Back in the 80’s, there was a movie called “Scanners”. Scanners were mutants that could think intensely about you with a very constipated look and veins standing out on their faces. Then your head would explode. That’s the way the parallel_scan construct makes me feel.
There is no example for parallel_scan in the TBB tutorial, but there is a terse explanation in the reference manual. Basically, parallel_scan breaks a range into subranges and computes a partial result in each subrange in parallel. Then, the partial result for subrange k is used to update the information in subrange k+1, starting from k=0 and proceeding sequentially up to the last subrange. Then each subrange uses its updated information to compute its final result in parallel with all the other subranges.
That’s suitably abstract, and it took me over an hour to get that much out of it. In order to get a better feel for parallel_scan, I tried to build a program that would compute the running minimum for a floating-point vector. Each location i in the running minimum stores the minimum value of the original vector found between locations 0 and i . The algorithm has the following phases:
- The vector is divided into subranges.
- A pre-scan version of the
()operator finds the minimum value in each subrange. - A
reverse_joinmethod communicates the minimum found in subrange k over to subrange k +1, starting from k=0. This tells subrange k +1 what the minimum value is in the entire vector that precedes it. - A final scan version of the
()operator computes the running minimum over each subrange using the minimum passed in by the reverse_join as the starting minimum.
The algorithm seems straight-forward.
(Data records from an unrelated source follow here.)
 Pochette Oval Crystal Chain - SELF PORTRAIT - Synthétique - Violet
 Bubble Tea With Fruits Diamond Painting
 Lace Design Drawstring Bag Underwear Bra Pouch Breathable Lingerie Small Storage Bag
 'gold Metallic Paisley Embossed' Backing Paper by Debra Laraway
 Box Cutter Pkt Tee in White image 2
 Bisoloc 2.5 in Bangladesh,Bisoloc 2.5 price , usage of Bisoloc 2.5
Here’s the resulting program:
// example4.cpp : Defines the entry point for the console application.
//
#include "stdafx.h"
#include <FLOAT.H>
#include <iostream>
#include <stdlib.h>
#include <time.h>
#include "tbb/task_scheduler_init.h"
#include "tbb/parallel_scan.h"
#include "tbb/blocked_range.h"
using namespace tbb;
using namespace std;
class vector_run_min {
const double *const v; // vector of data
public:
double *const run_min; // vector of running minimums of data
double min_in; // minimum at beginning of subrange
double min_out; // minimum at end of subrange
// constructor copies the arguments into local storage
vector_run_min (double *v_, double *run_min_)
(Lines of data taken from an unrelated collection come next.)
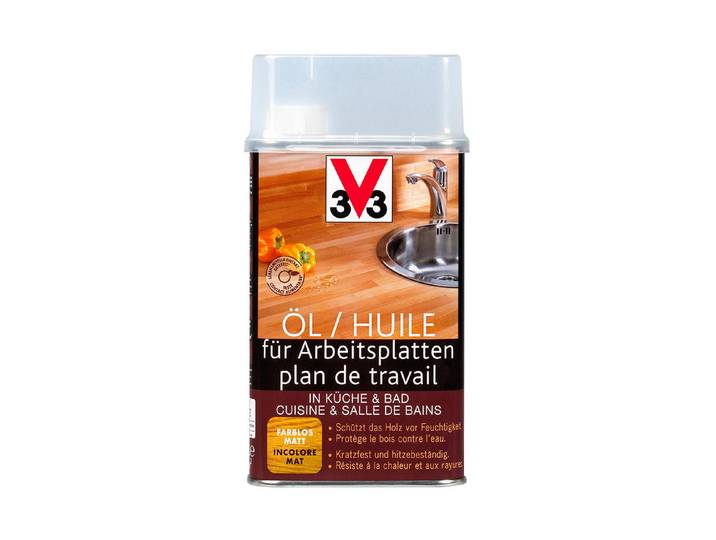 V33 Öl für Arbeitsplatten Farblos 500 ml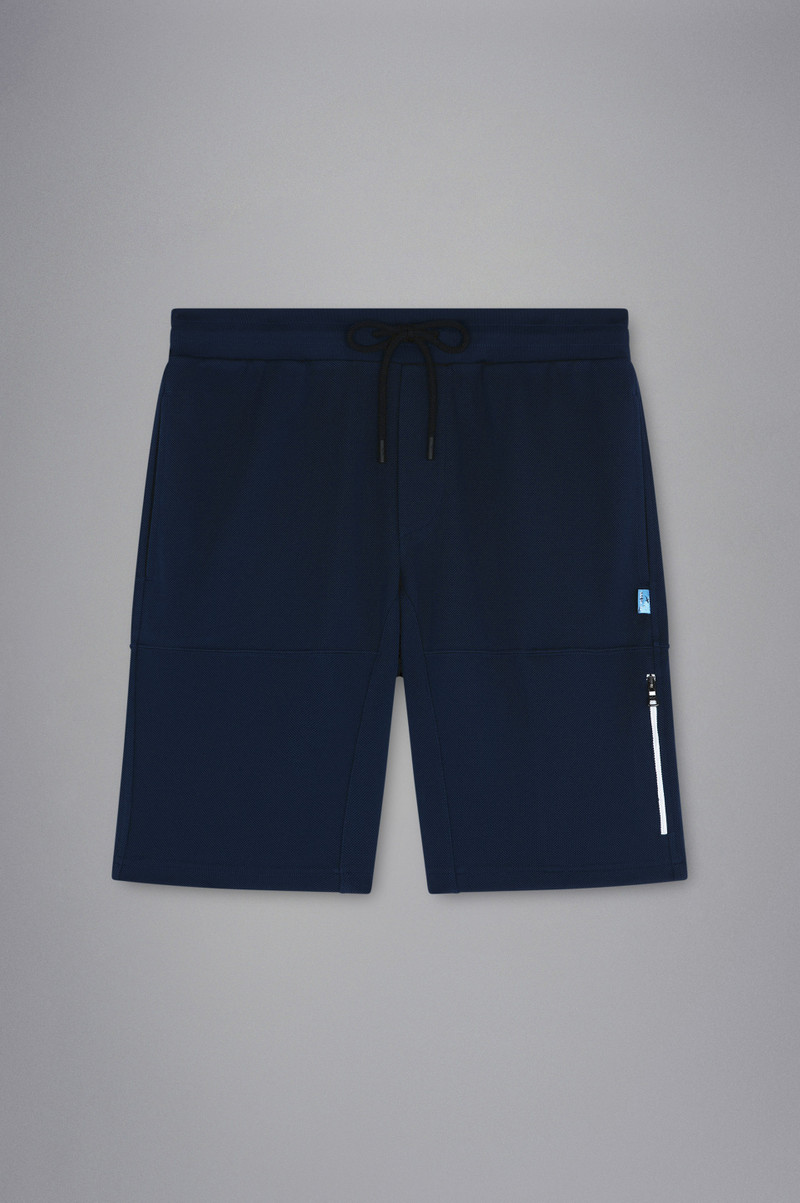 SEAQUAL® YARN BERMUDA SHORTS WITH REFLEX SHARK PRINT 1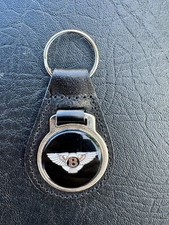 Bentley R Type Continental Mulsanne Brooklands Leather Enamel Car Key Ring Fob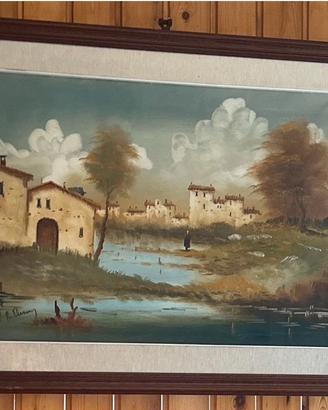Quadri vintage dipinti con cornice – arredamento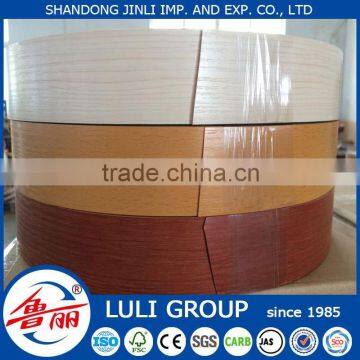 2mm solid color wood grain pvc edge banding production line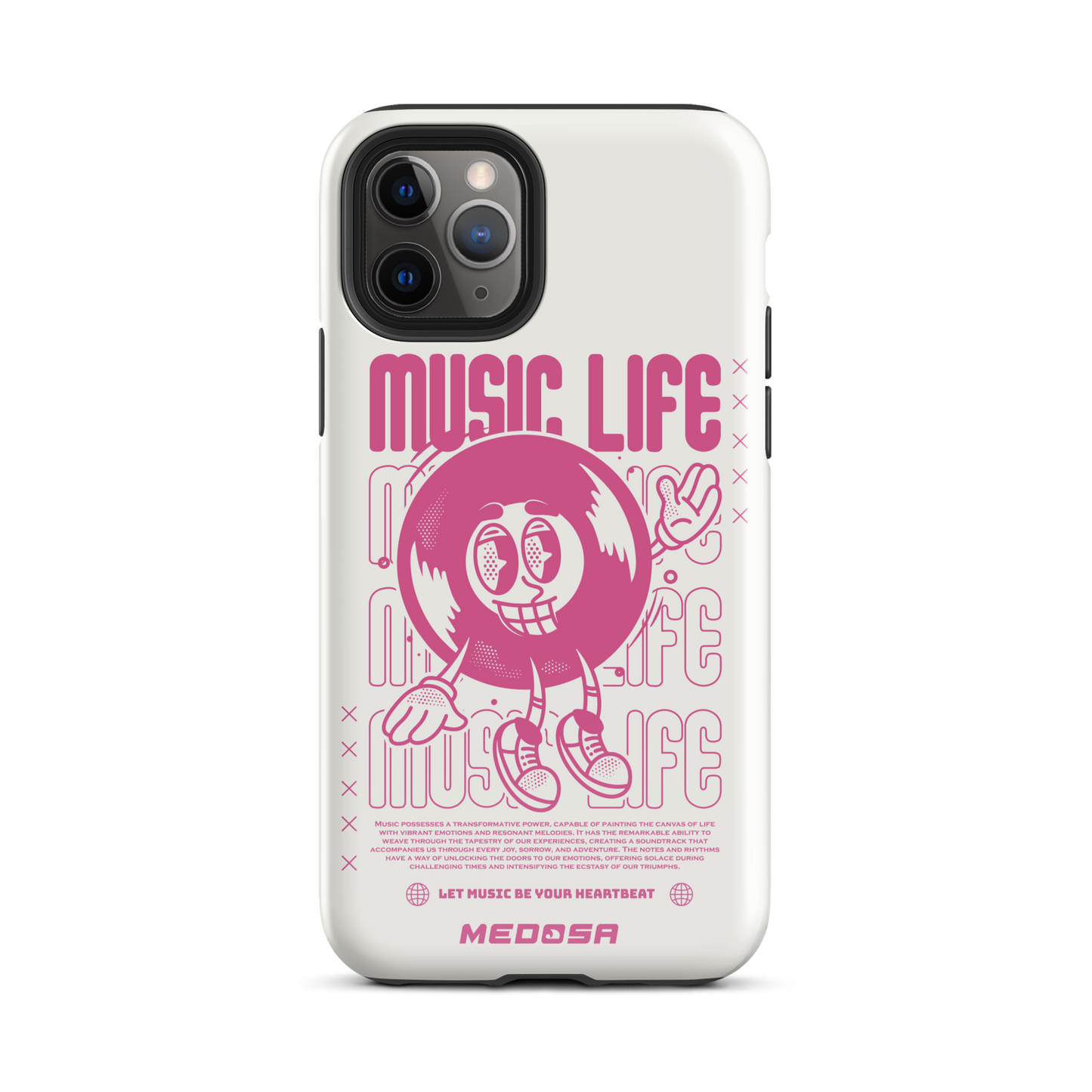 Music Life White and Pink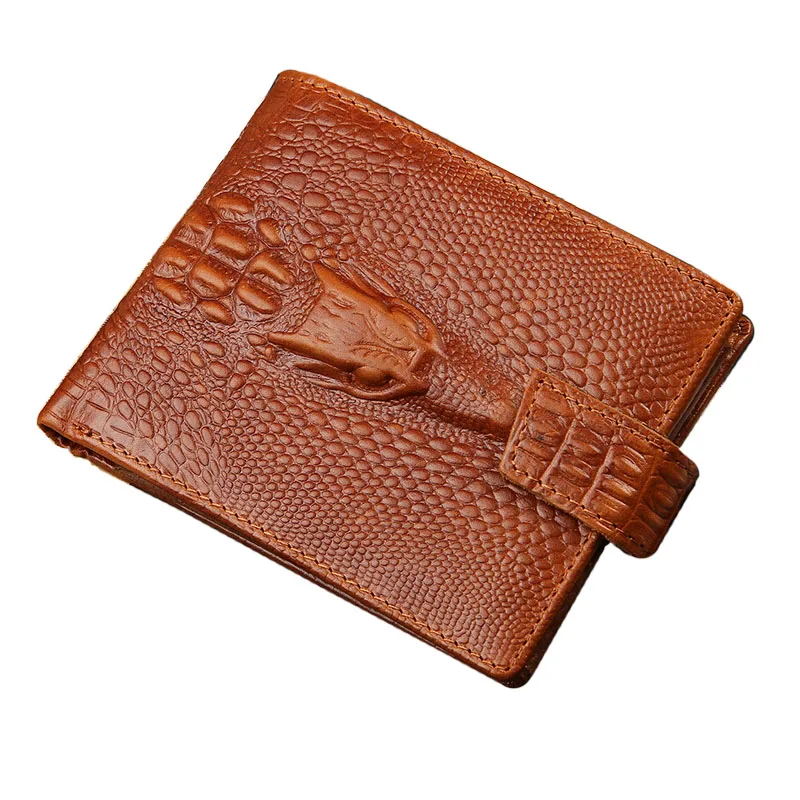 Crocodile skin wallet men genuine leather small zipper short men wallets credit card holders coin pocket purse alligator WB9
Crocodile skin wallet men genuine leather small zipper short men wallets credit card holders coin pocket purse alligator WB9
: v(v_), run_min(run_min_), min_in(FLT_MAX), min_out(FLT_MAX) { }
// splitting constructor
vector_run_min (vector_run_min &vrm, split)
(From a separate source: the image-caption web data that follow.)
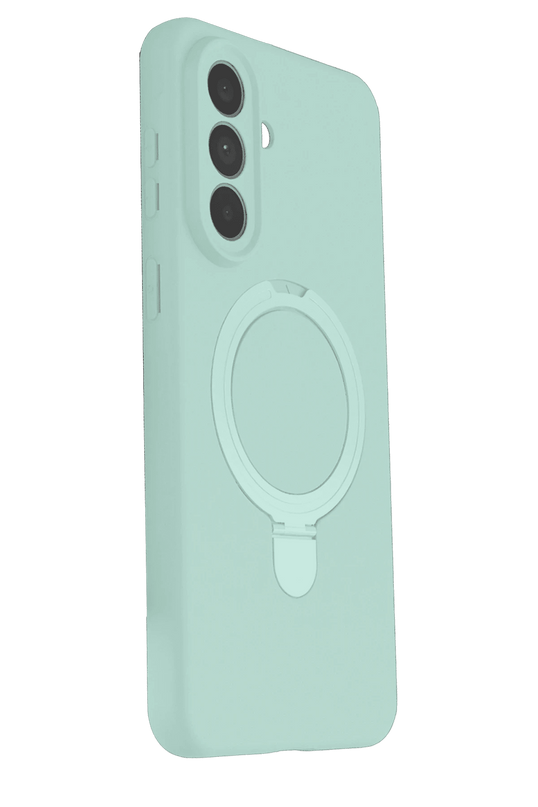 Samsung Galaxy A57 5G Regal Magsafe Standlı Kapak Kılıf - Su Yeşili 3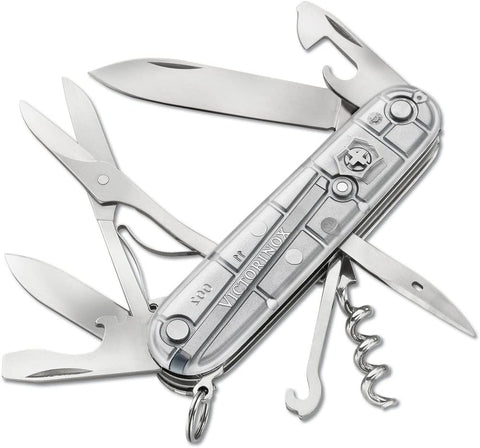 Victorinox Silver Army Climber Pocket Knife (Silver Tech)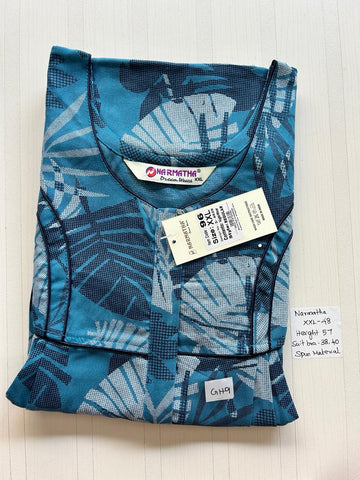 CNS032 Narmatha Pleats Zip Nighty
: v(vrm.v), run_min(vrm.run_min), min_in(FLT_MAX), min_out(FLT_MAX) { }
// overload () so it finds the minimum within each subrange
void operator() (const blocked_range<size_t> &r, pre_scan_tag) {
for(size_t i=r.begin(); i!=r.end(); i++)
min_out = (v[i]<min_out) ? v[i] : min_out;
cout << "pre_scan: [" << r.begin() << "," << r.end() << ") min_out = " << min_out << endl;
}
// join partial results starting at subrange 0, 1, 2 ... and proceeding upward
void reverse_join (vector_run_min &vrm) {
min_in = vrm.min_out; // min at start of subrange k = min at end of subrange k-1
// min at end of subrange k is lesser of min at end of subranges k, k-1
min_out = (min_out < vrm.min_out) ? min_out : vrm.min_out;
cout << "reverse_join: " << min_in << " " << min_out << endl;
}
// overload () so it computes the running minimum over a subrange
void operator() (const blocked_range<size_t> &r, final_scan_tag) {
size_t i = r.begin();
run_min[i] = (v[i]<min_in) ? v[i] : min_in; // set running min for first entry in subrange
for(++i; i!=r.end(); i++)
run_min[i] = (v[i]<run_min[i-1]) ? v[i] : run_min[i-1];
cout << "final_scan: [" << r.begin() << "," << r.end() << ") min_in = " << min_in << endl;
}
// assign
void assign(vector_run_min &vrm) {
min_in = vrm.min_in;
min_out = vrm.min_out;
}
};
const size_t vec_size = 10000;
int _tmain(int argc, _TCHAR* argv[])
{
// allocate storage for vectors
double *v = (double*)malloc(vec_size*sizeof(double));
double *run_min_ser = (double*)malloc(vec_size*sizeof(double));
double *run_min_par = (double*)malloc(vec_size*sizeof(double));
// initialize the vector with random data
srand((unsigned)time(NULL)); // set the random number seed
for(size_t i=0; i<vec_size; i++) v[i] = rand();
// serially scan vector and record running minimum at each point
run_min_ser[0] = v[0]; // initialize first entry in running minimum
for(size_t i=1; i<vec_size; i++)
run_min_ser[i] = (v[i] < run_min_ser[i-1]) ? v[i] : run_min_ser[i-1];
// print some of the result to make sure it is correct
cout << "Vector and its running minimum (serial): " << endl;
for(size_t i=0; i<10; i++) printf("%6.0f ",v[i]);
cout << endl;
for(size_t i=0; i<10; i++) printf("%6.0f ",run_min_ser[i]);
cout << endl;
// scan vector in parallel and record running minimum at each point
task_scheduler_init init(1);
vector_run_min vrm(v,run_min_par);
parallel_scan( blocked_range<size_t>(0,vec_size,1000), vrm );
// print some of the result to make sure it is correct
cout << "Vector and its running minimum (parallel): " << endl;
for(size_t i=0; i<10; i++) printf("%6.0f ",v[i]);
cout << endl;
for(size_t i=0; i<10; i++) printf("%6.0f ",run_min_par[i]);
cout << endl;
// compare serial and parallel versions of the running minimum
for(size_t i=0; i<vec_size; i++)
if(run_min_ser[i] != run_min_par[i])
{
cout << "Serial and parallel versions differ!" << endl;
cout << "run_min_ser[" << i << "] = " << run_min_ser[i] << endl;
cout << "run_min_par[" << i << "] = " << run_min_par[i] << endl;
return 1;
}
cout << "Serial and parallel versions are the same!" << endl;
return 0;
}
In _tmain (lines 57-103), the running minimum for a vector of random values is computed in serial and parallel. The parallel running minimum calculation is initiated on lines 81-83. A task scheduler object is initialized. Then a vector_run_min object is constructed from the pointers to the vectors that store the data and the running minimum. Then that object is passed to the parallel_scan subroutine along with a blocked_range object that will partition the range into smaller parcels.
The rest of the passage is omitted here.